Historia miłości Jarosława Jakimowicza i Joanny Sarapaty mogłaby posłużyć za scenariusz hollywoodzkiego melodramatu. Zakochali się w sobie od pierwszego wejrzenia, zapragnęli być ze sobą od pierwszego spotkania, stanęli na ślubnym kobiercu w pierwszym... wolnym terminie. Ale ich wielka miłość okazała się niezbyt trwała...
Przed laty, gdy tabloidy poinformowały o rozwodzie Jarosława Jakimowicza i Joanny Sarapaty, mówiło się, że małżeństwu aktora i malarki zaszkodziła... nuda.
Kiedy wkrótce po ślubie oboje wyjechali z Polski i zamieszkali w pięknym domu w Hiszpanii, Jarek nie potrafił znaleźć sobie miejsca w nowym kraju, nie wiedział, co robić, gdy Joanna malowała. Po prostu się nudził. Coraz częściej wymykał się więc do Polski, gdzie pozostawił przyjaciół i znajomych.
Otworzył w Warszawie sklep z artykułami sportowymi oraz pub. Nie śpieszył się z powrotami do domu... Joanna mieszkała w Hiszpanii, on większość czasu spędzał w Polsce.
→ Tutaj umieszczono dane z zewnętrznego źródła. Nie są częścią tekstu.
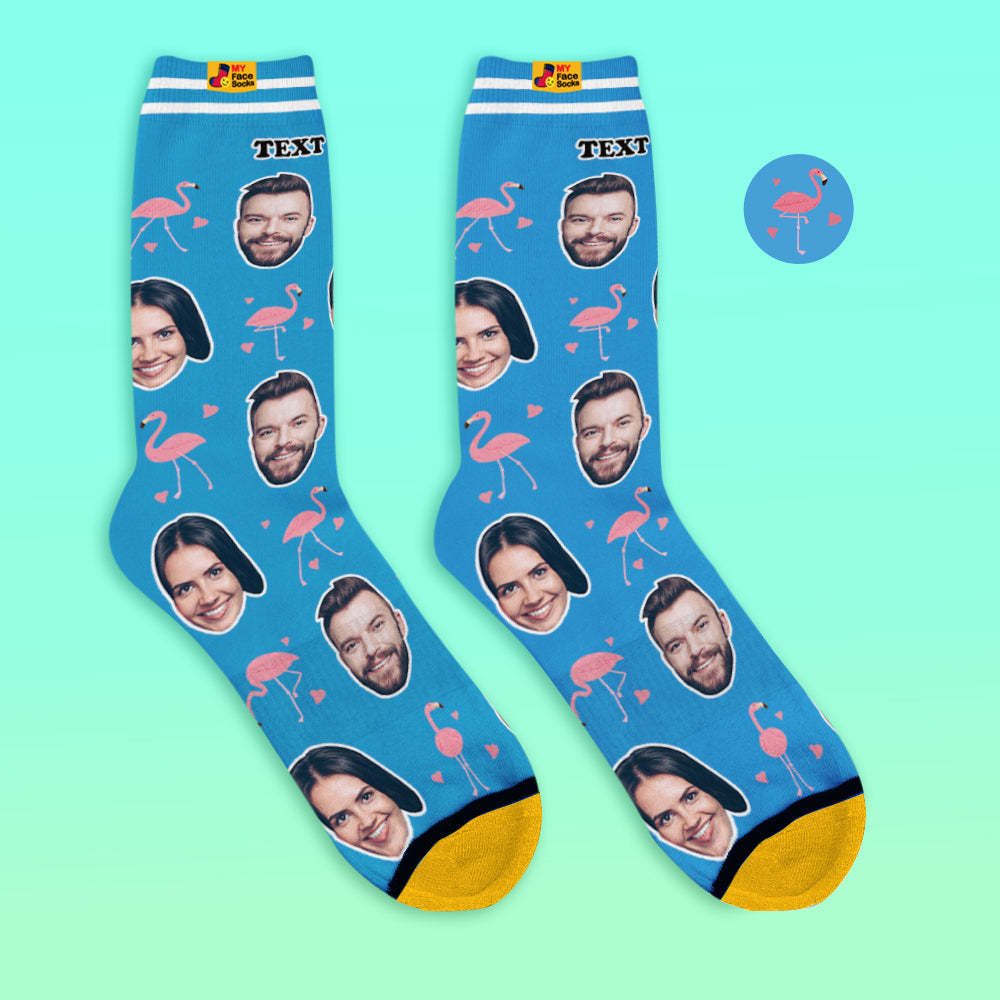 Calcetines De Vista Previa 3d Personalizados My Face Socks Agregar Imágenes Y Nombre - Flamant - MyFaceSocksES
Rozłąka udowodniła im, że bez problemu mogą żyć bez siebie!
A ich związek zaczął się jak bajka...
- Kiedy pierwszy raz zobaczyłam zdjęcie Jarka w jakiejś gazecie, zadzwoniłam do znajomej dziennikarki i zapytałam, kto to jest. Usłyszałam, że to facet, w którym kocha się pół Polski i nie mam żadnych szans. Wyrzuciłam gazetę do kosza. Zapamiętałam jednak tego młodego mężczyznę ze zdjęcia - wyznała Joanna Sarapata w wywiadzie.
W tym samym czasie Jarosław Jakimowicz, gdzieś na drugim końcu świata, dostrzegł zdjęcie Joanny w jednym z francuskich pism. Nie wiedział, kim jest kobieta z fotografii, gdzie mieszka i co robi. Po prostu zarejestrował w pamięci, że istnieje ktoś, kto zrobił na nim silne wrażenie.
- Po pewnym czasie poczułem, że muszę ponownie zobaczyć to zdjęcie. Chciałem sprawdzić, czy znowu doznam tego niesamowitego uczucia, którego doświadczyłem za pierwszym razem. Przeczytałem artykuł o Joannie i właśnie wtedy poczułem, że nasze energie kiedyś się spotkają - powiedział aktor, wspominając moment, w którym zakochał się w malarce.
Rok później dostrzegli się na wernisażu w jednej z warszawskich galerii, umówili się na randkę. Był wrzesień 1998 roku. W grudniu byli już po ślubie, a dwa lata później cieszyli się z narodzin syna Jovana.
- Wydaje mi się, że ścieżki, którymi dotąd krążyłem, w porównaniu z obecnymi były byle jakie. Zamieniłem je na takie, które mi bardziej odpowiadają, którymi chcę chodzić, bo są ciekawsze. Jestem najszczęśliwszym facetem na świecie - stwierdził Jarosław Jakimowicz w pierwszym wywiadzie po ślubie, sugerując, że dla Joanny "przemeblował" całe swoje życie.
Szczęście Jarka i Joanny nie trwało jednak długo. Gdy ich syn Jovan miał 10 lat, postanowili oficjalnie zakończyć swe małżeństwo, które od dawna było już fikcją. Decyzję o rozwodzie przyśpieszył fakt, że aktor miał już... drugą rodzinę. W 2004 roku Warszawie, dokąd uciekał z Hiszpanii, by pracować, poznał piękną brunetkę - Joannę Gołaszewską - która urodziła mu syna Jeremiasza. Niestety, i ten związek aktora nie przetrwał próby czasu.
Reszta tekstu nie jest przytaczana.